El otro lado de las puertas
Hay innumerables puertas monumentales, saturadas de simbolismo y encargadas de cerrar el paso, más que de facilitar el acceso, a los peatones de la historia


Con esta puerta, que está a punto de cerrar un cardenal para dar comienzo al cónclave del que saldría elegido León XIV, solo se puede dar un portazo a Dios. No sabemos si las puertas grandes se inventaron para dignificar o disminuir a quienes las atraviesan, pero ahí están, ahí han estado desde antes de Cristo.
Hay innumerables puertas monumentales, saturadas de simbolismo y encargadas de cerrar el paso, más que de facilitar el acceso, a los peatones de la historia. Cuando aparecen fotografiadas en los periódicos, nos recuerdan que nos hallamos fuera, fuera de los centros del poder, fuera de los convenios colectivos, fuera de los restaurantes de moda y quizá fuera de la vida. Hay gente que se ha pasado la existencia al otro lado de una puerta. Al principio, al otro lado de la del dormitorio de los padres, de donde emanaba la música siniestra del crujir del lecho conyugal, acompañada de gemidos que oscilaban entre el placer y el daño, como si los adultos obtuvieran el goce del quebranto, o viceversa. Allí surgió la conciencia de que hay mundos de los que uno no forma parte, aunque se encuentren a un paso.

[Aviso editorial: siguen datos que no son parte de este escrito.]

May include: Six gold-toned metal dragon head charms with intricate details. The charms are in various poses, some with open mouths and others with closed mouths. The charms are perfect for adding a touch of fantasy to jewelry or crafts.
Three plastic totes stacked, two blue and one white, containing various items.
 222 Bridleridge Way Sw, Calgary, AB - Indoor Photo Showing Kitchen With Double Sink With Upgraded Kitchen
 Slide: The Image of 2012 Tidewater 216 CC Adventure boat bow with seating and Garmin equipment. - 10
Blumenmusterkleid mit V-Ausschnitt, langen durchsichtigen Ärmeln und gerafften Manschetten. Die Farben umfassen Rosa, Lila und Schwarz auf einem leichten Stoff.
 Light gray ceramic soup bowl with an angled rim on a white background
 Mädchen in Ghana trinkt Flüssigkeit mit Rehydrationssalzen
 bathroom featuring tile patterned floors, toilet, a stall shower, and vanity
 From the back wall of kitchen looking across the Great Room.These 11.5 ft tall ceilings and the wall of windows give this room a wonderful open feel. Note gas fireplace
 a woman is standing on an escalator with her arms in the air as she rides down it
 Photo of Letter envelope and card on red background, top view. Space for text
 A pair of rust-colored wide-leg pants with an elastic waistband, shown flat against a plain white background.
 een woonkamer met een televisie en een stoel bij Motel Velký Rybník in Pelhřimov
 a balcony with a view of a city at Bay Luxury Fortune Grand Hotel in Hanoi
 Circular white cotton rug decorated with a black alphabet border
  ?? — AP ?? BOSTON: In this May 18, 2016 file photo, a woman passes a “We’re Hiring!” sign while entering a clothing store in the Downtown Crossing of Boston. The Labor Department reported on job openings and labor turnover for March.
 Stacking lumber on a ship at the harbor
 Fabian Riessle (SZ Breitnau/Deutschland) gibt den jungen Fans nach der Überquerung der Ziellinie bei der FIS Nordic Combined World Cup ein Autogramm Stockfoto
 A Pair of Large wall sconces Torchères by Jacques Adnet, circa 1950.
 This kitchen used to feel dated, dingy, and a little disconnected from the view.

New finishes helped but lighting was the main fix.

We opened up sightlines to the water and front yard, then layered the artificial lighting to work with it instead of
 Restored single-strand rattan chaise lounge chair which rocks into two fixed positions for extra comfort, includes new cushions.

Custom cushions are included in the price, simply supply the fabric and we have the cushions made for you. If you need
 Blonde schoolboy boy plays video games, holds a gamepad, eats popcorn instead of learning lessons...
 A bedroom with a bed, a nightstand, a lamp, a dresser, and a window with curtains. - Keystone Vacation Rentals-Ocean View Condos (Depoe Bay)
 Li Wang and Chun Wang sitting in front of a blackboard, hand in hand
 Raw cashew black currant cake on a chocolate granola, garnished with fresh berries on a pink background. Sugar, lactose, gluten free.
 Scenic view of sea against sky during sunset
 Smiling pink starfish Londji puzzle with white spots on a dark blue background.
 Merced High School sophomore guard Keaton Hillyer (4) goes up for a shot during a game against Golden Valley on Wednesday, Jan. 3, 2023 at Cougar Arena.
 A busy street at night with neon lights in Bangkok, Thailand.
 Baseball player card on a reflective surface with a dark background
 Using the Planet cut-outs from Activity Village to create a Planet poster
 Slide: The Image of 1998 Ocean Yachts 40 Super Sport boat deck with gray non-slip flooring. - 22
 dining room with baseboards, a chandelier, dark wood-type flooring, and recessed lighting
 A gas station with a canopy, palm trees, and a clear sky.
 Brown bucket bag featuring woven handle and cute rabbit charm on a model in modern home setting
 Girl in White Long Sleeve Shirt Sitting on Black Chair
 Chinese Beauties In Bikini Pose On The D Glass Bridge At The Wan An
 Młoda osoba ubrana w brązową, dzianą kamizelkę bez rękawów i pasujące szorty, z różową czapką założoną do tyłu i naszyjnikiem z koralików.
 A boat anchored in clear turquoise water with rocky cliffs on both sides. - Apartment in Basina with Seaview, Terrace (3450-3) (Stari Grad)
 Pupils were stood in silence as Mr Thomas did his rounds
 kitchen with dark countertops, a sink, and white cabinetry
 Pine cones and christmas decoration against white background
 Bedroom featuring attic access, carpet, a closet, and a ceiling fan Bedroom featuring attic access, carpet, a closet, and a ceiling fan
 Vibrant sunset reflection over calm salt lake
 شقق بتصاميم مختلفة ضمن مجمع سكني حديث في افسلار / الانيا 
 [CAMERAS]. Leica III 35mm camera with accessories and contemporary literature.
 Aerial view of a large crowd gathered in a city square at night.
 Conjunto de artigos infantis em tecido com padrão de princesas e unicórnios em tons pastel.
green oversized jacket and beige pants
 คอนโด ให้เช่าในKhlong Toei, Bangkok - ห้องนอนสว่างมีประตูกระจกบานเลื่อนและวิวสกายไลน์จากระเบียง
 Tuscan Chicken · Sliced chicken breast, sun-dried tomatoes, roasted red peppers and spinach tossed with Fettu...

La puerta del dormitorio de la hermana mayor. La puerta de las discotecas, cuando, de adolescente, no llevabas el atuendo adecuado. La puerta giratoria que, al no reconocerte, te devolvía al lado del que procedías. La puerta del despacho de los jefes, la de la sala de reuniones de los directivos, la puerta de las joyerías y hasta la puerta del supermercado, si no dispones ni del euro para liberar el carrito. También las puertas mentales, de las que nos ocuparemos otro día.